WHAT YOU ARE ASKED TO DO
Would you retype exactly the lines below, starting with the one that has "Lower Body Lift" and going on through the one that has "Nẹp cố định bàn tay", with no pictures and nothing else?

INFORMATION GIVEN
====
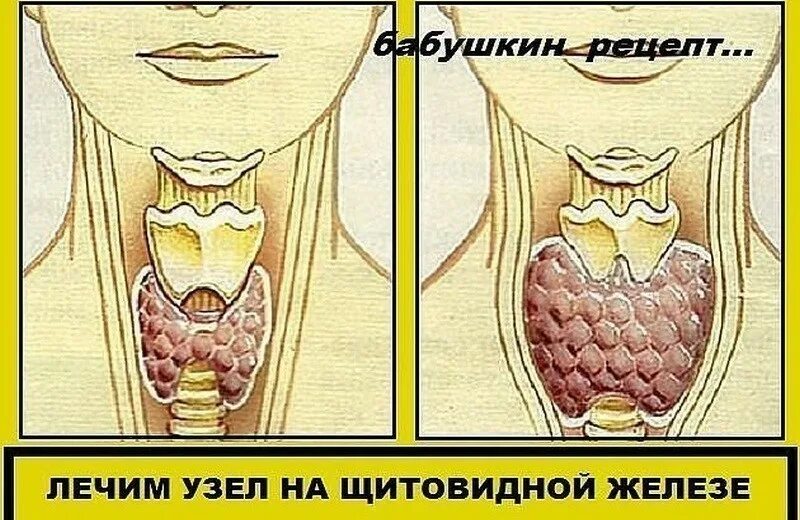 Как вылечить узлы. Узлы в щитовидной железе. лечить узел на щитовидной железе что.
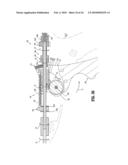 Axial Stitching Device diagram and image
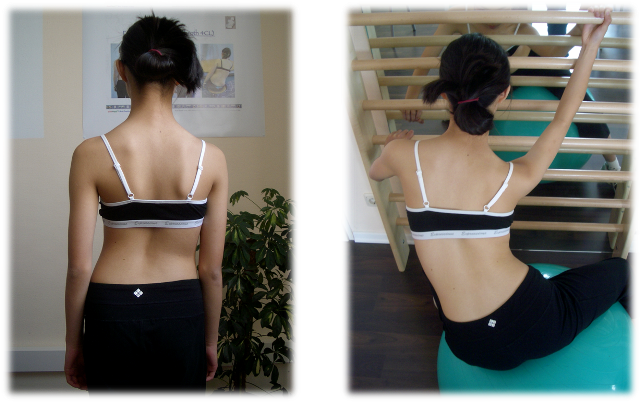 50 times schroth exercise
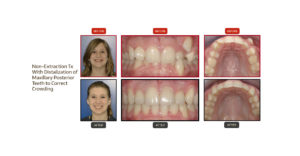 Patient-9-Before-After-Corrected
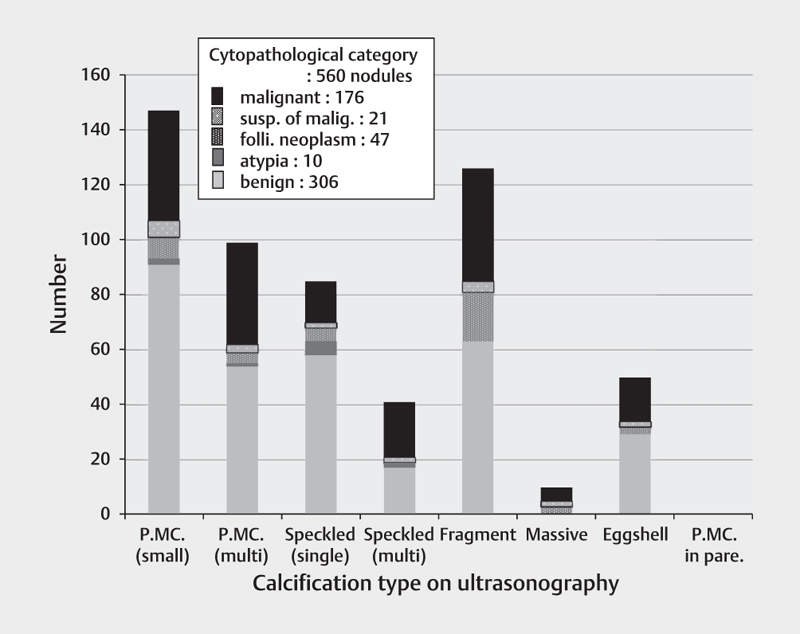 Calcifications in Thyroid Tumors on Ultrasonography: Calcification Types and Relationship with Histopathological Type.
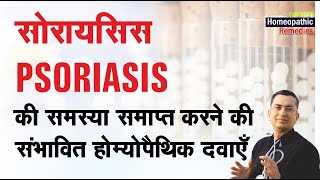 सोरायसिस  Psoriasis  Natural Homeopathic remedies with Symptoms  होम्योपैथिक उपचार [upl. by Onailil]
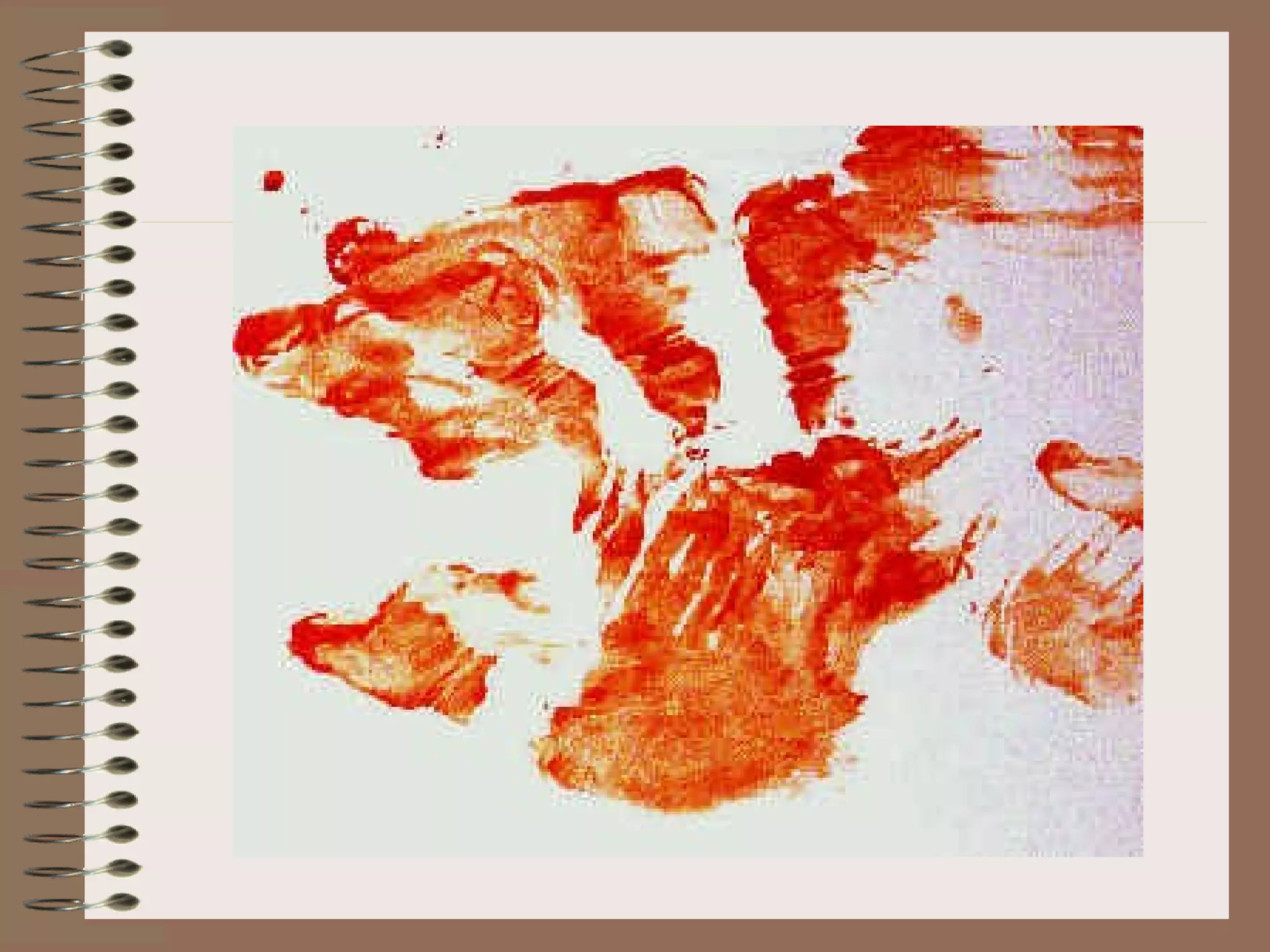 Poolblood Pattern Blood pattern analysis | PPT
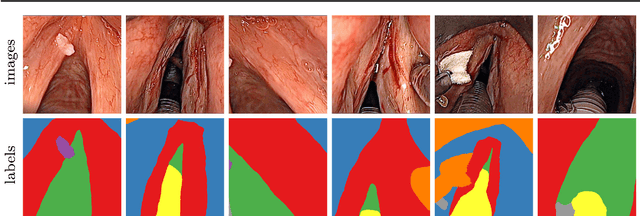 Figure 1 for A Dataset of Laryngeal Endoscopic Images with Comparative Study on Convolution Neural Network Based Semantic Segmentation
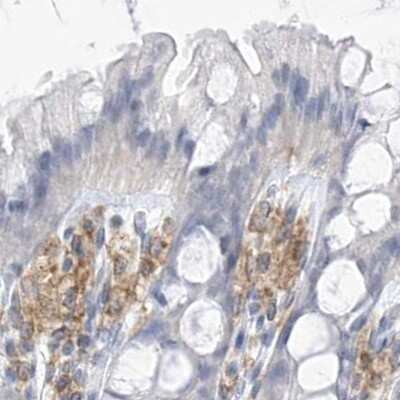 Immunohistochemistry-Paraffin: Thromboxane synthase Antibody [NBP2-33947]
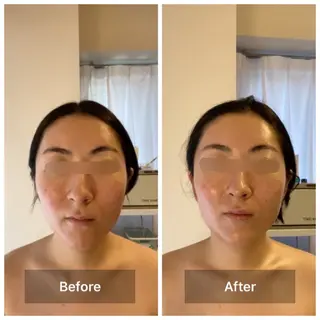 眉毛×小顔矯正サロン パピヨンsakiのエステ・リラクイメージ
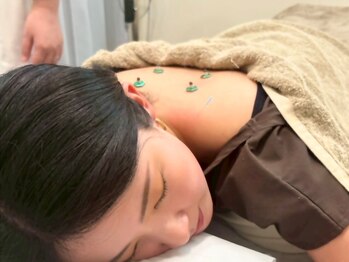 グリーン 京都烏丸店(green)の写真/ウィンターキャンペーン中♪【女性のための優しい鍼灸整体 60分¥1980】首・肩こり、ホルモンの乱れ改善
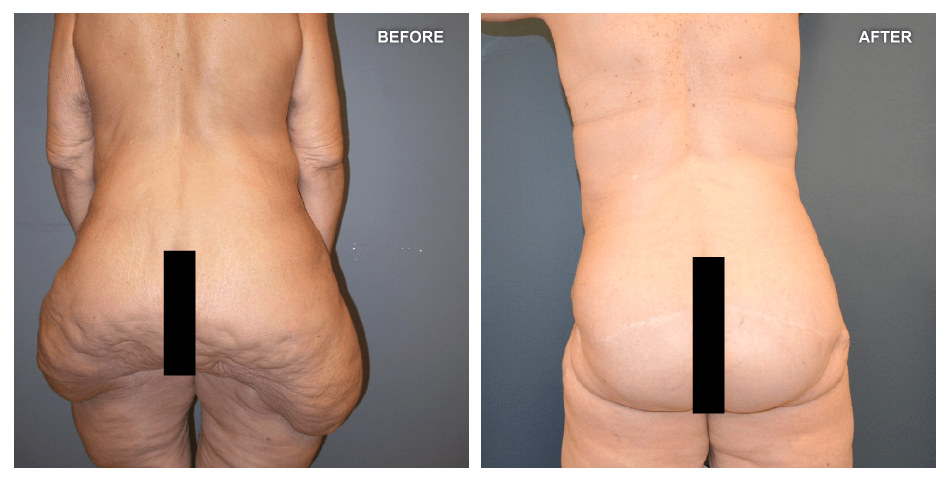 Lower Body Lift  Sound Plastic Surgery, Cosmetic Plastic Surgery Clinic  Seattle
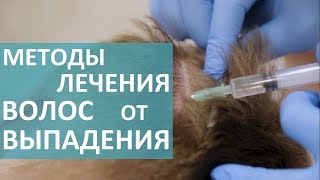 Трихолог о выпадении волос. 💇 Врач - трихолог расскажет о методах лечения выпадения волос.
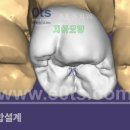 윤치과기공소 이미지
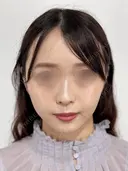 SEAライン ‐３D脂肪吸引（頬・顎） 30日後 サムネイル用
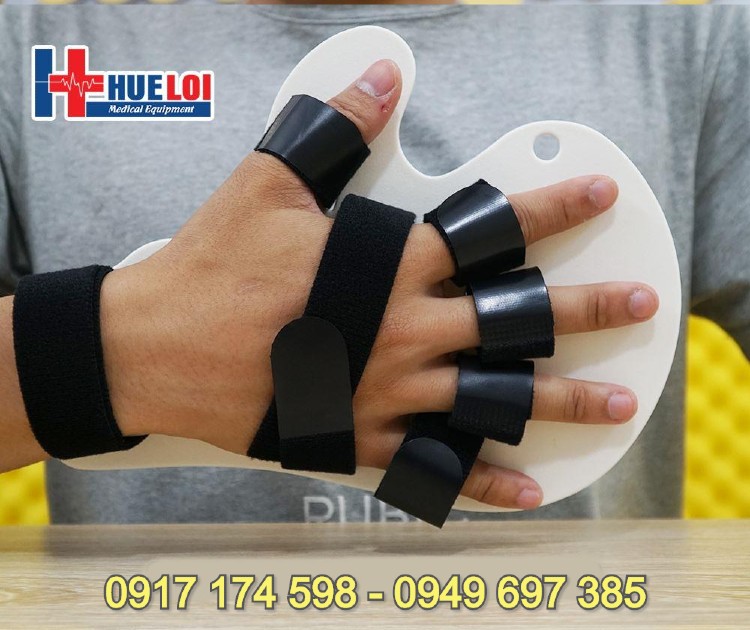 Nẹp cố định bàn tay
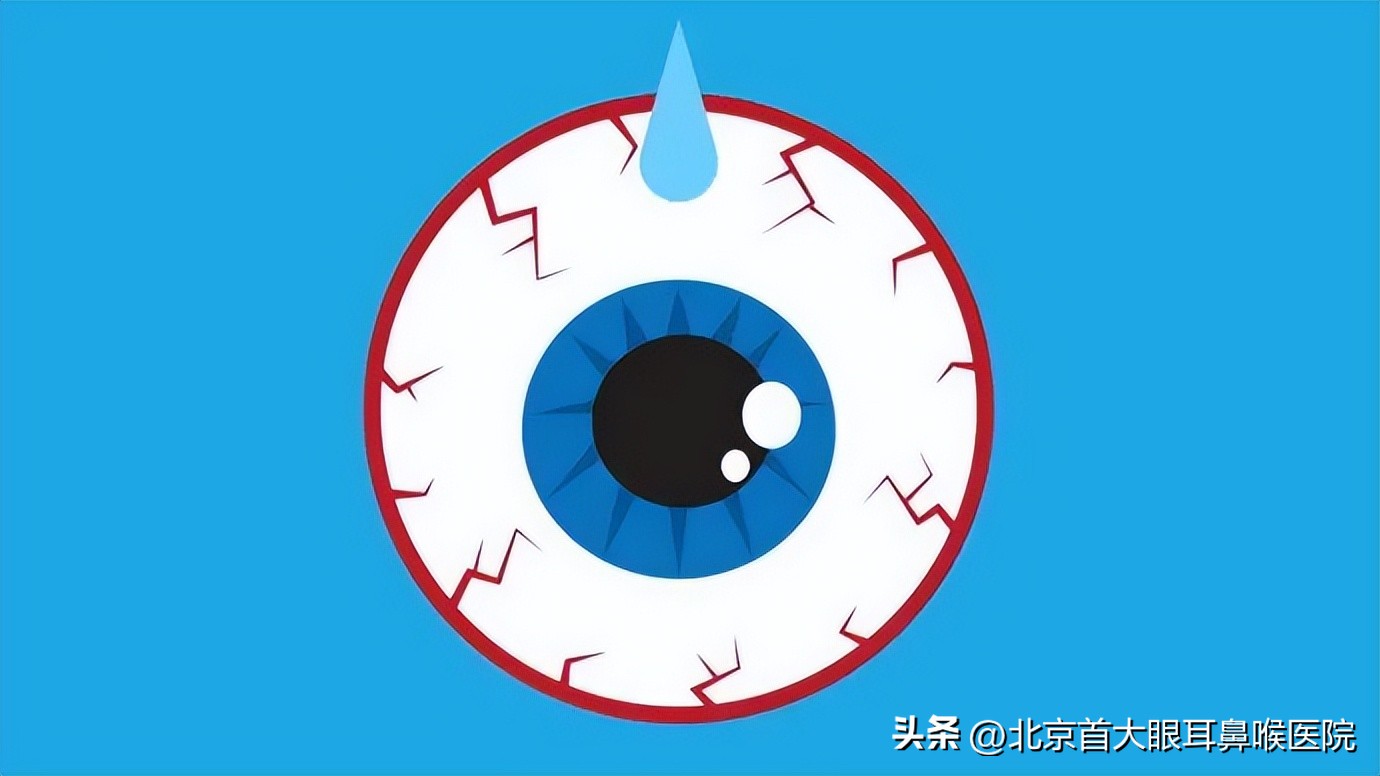 北京干眼症的最佳治疗方法,北京眼科医院治疗黄斑病变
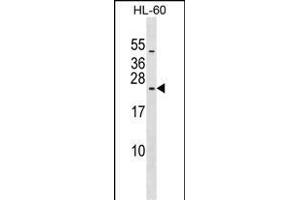 RPL10L Antibody (N-term) (ABIN1539610 and ABIN2849193) western blot analysis in HL-60 cell line lysates (35 μg/lane). (RPL10L anticorps  (N-Term))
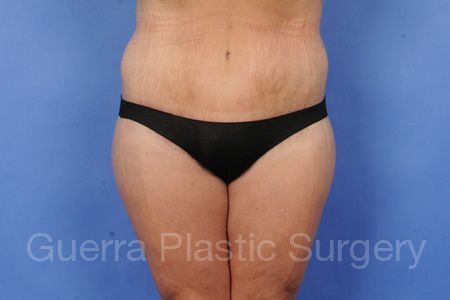 next Case #21587 After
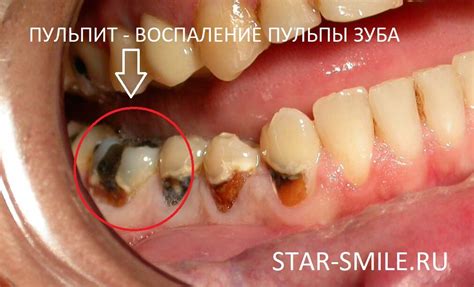 Симптомы пульсирующего зуба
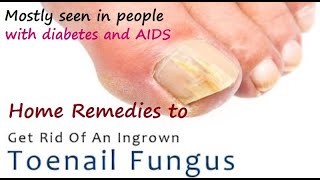 Home Remedies for Ingrown Toenail I How to Treat an Ingrown Toenail I How to Get Rid of Ingrown Toe [upl. by Clay701]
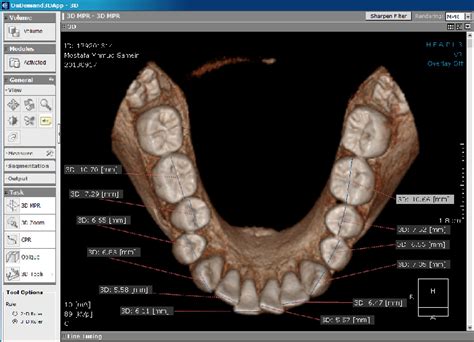 Figure 1 from Accuracy and reliability of orthodontic dental ...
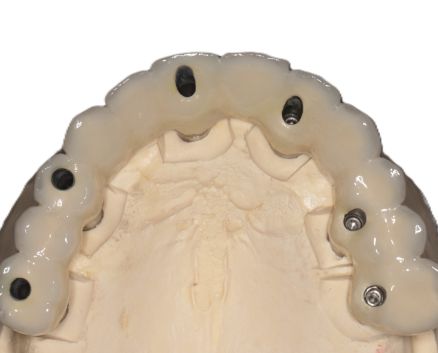 mosty-na-implantach-024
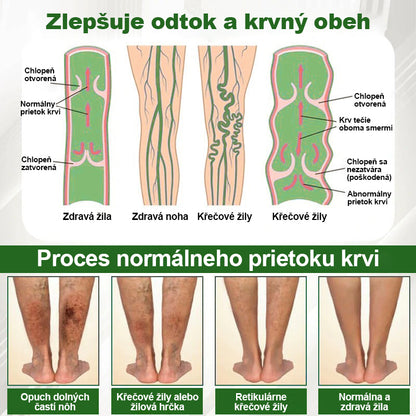 🌿🌿🌿Dorina® Bylinný krém na zmiernenie opuchov s čiernou rascou.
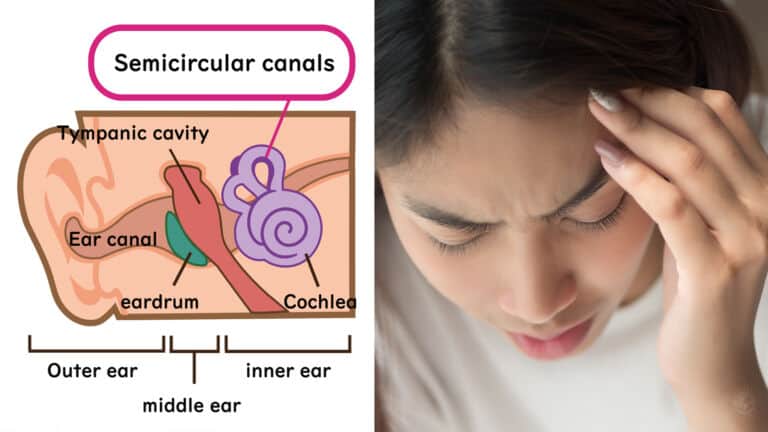 menieres disease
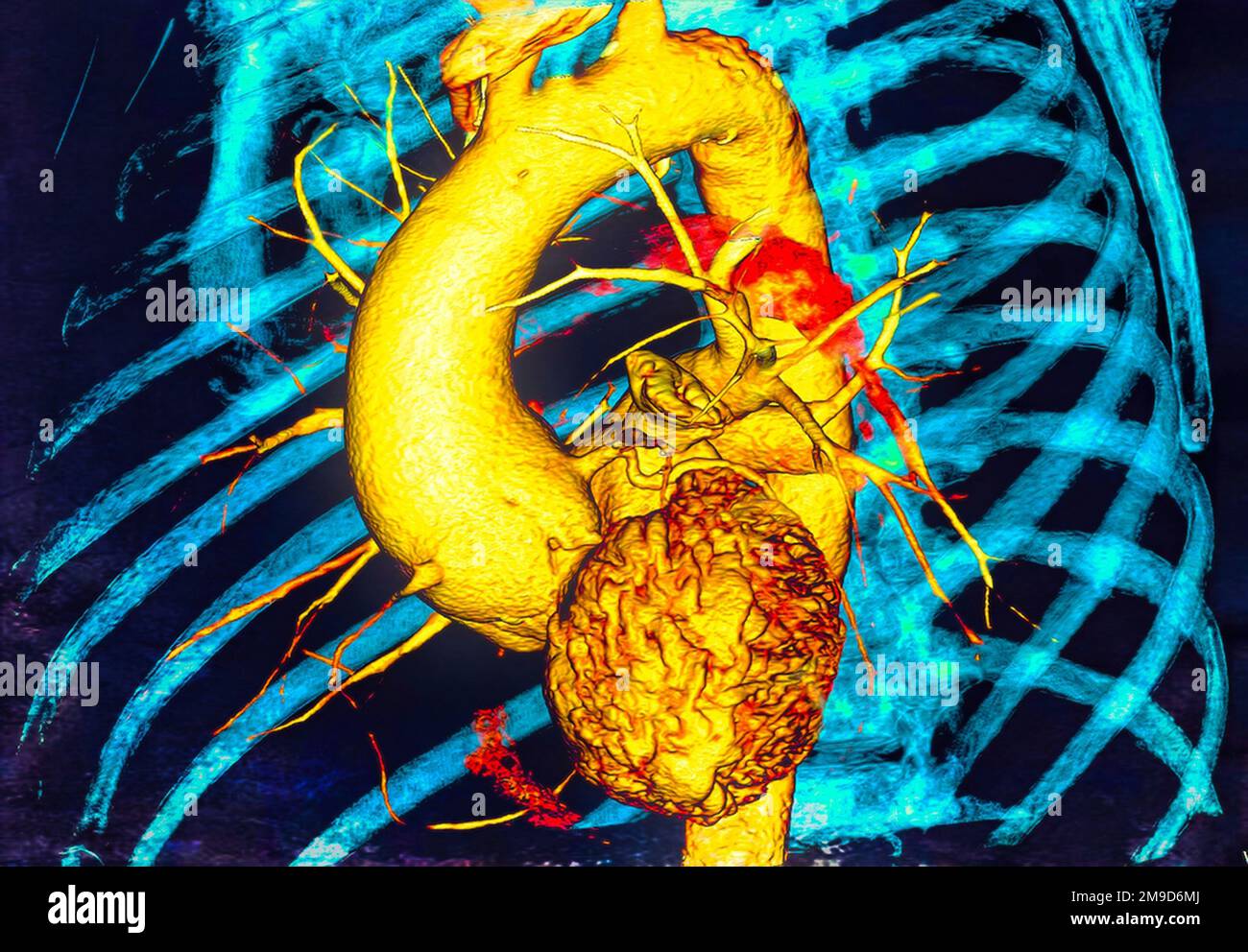 Aortic Aneurysm CT Scan Stock Photo Alamy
====
RESULT BELOW
 Lower Body Lift  Sound Plastic Surgery, Cosmetic Plastic Surgery Clinic  Seattle
 Трихолог о выпадении волос. 💇 Врач - трихолог расскажет о методах лечения выпадения волос.
 윤치과기공소 이미지
 SEAライン ‐３D脂肪吸引（頬・顎） 30日後 サムネイル用
 Nẹp cố định bàn tay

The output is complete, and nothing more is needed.